Top of Data to use

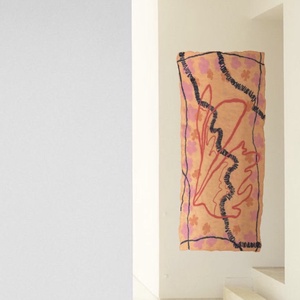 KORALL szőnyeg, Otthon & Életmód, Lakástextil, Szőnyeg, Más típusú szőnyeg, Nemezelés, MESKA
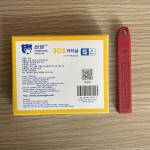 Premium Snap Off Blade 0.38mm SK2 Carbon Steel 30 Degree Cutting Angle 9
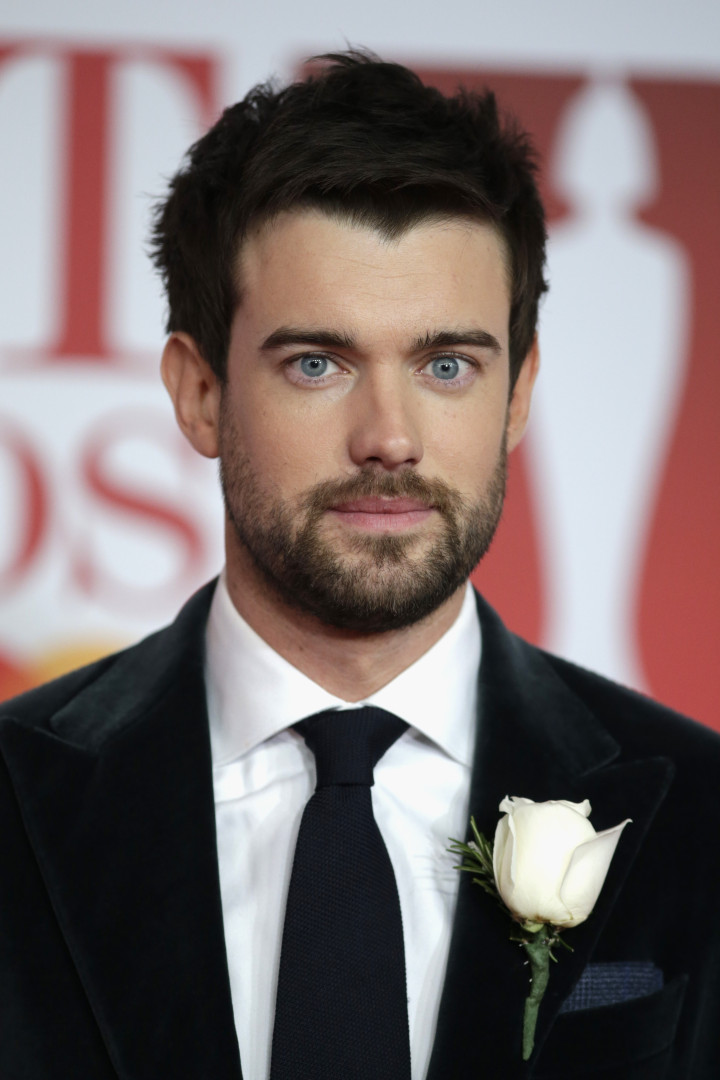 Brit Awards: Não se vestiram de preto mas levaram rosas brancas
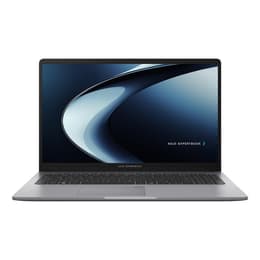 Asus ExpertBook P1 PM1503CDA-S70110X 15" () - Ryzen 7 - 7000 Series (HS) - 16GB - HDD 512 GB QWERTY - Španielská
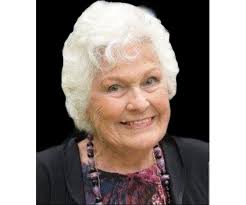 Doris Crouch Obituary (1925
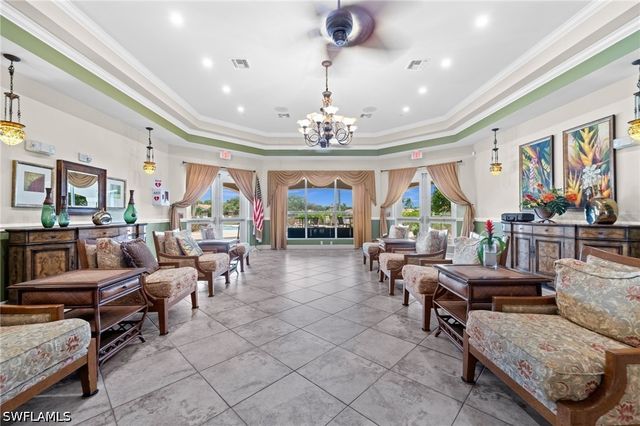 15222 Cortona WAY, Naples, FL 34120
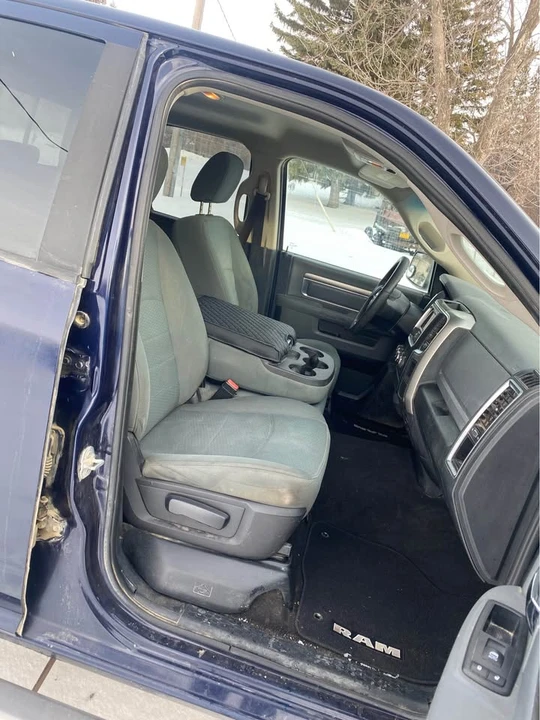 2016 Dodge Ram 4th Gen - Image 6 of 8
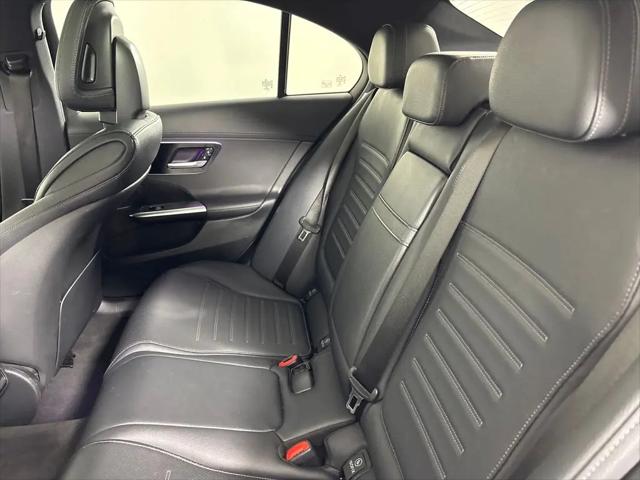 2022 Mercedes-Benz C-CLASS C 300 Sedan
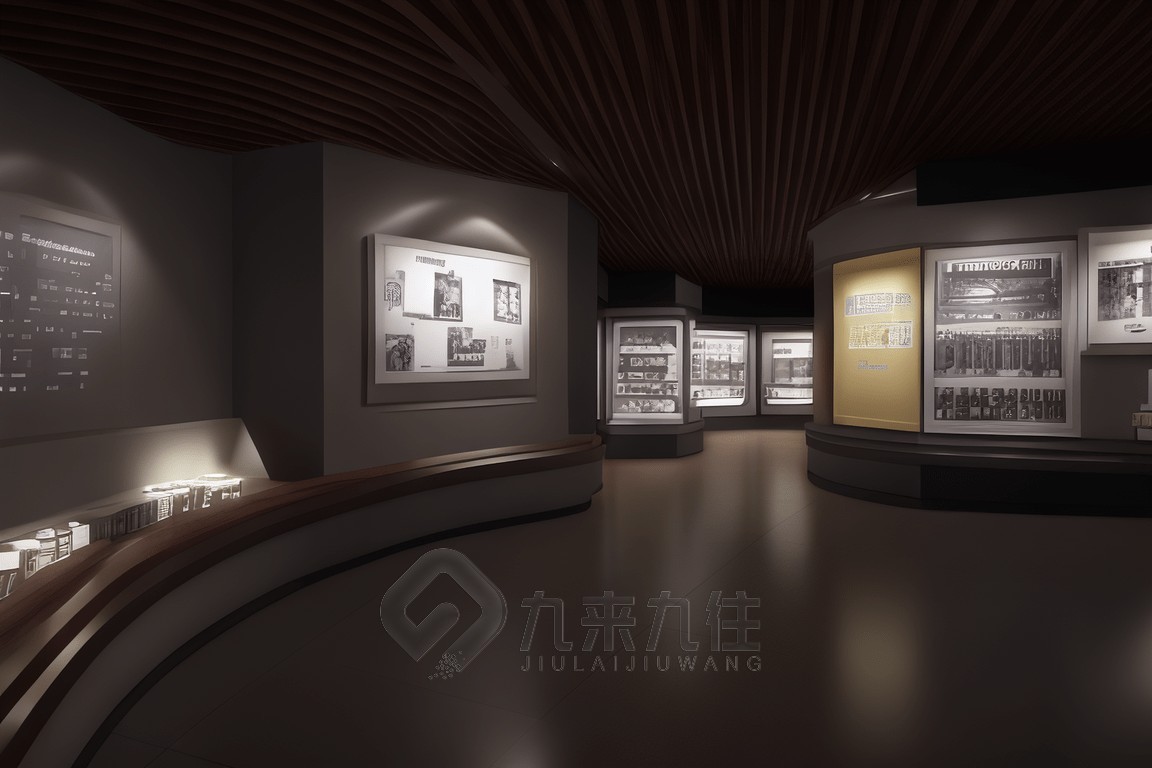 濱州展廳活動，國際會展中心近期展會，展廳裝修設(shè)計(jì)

Bottom of Data to use

**Task requirements:** Output each record above word for word, leaving out images.

**Response area:**
 KORALL szőnyeg, Otthon & Életmód, Lakástextil, Szőnyeg, Más típusú szőnyeg, Nemezelés, MESKA
 Premium Snap Off Blade 0.38mm SK2 Carbon Steel 30 Degree Cutting Angle 9
 Brit Awards: Não se vestiram de preto mas levaram rosas brancas
 Asus ExpertBook P1 PM1503CDA-S70110X 15" () - Ryzen 7 - 7000 Series (HS) - 16GB - HDD 512 GB QWERTY - Španielská
 Doris Crouch Obituary (1925
 15222 Cortona WAY, Naples, FL 34120
 2016 Dodge Ram 4th Gen - Image 6 of 8
 2022 Mercedes-Benz C-CLASS C 300 Sedan
 濱州展廳活動，國際會展中心近期展會，展廳裝修設(shè)計(jì)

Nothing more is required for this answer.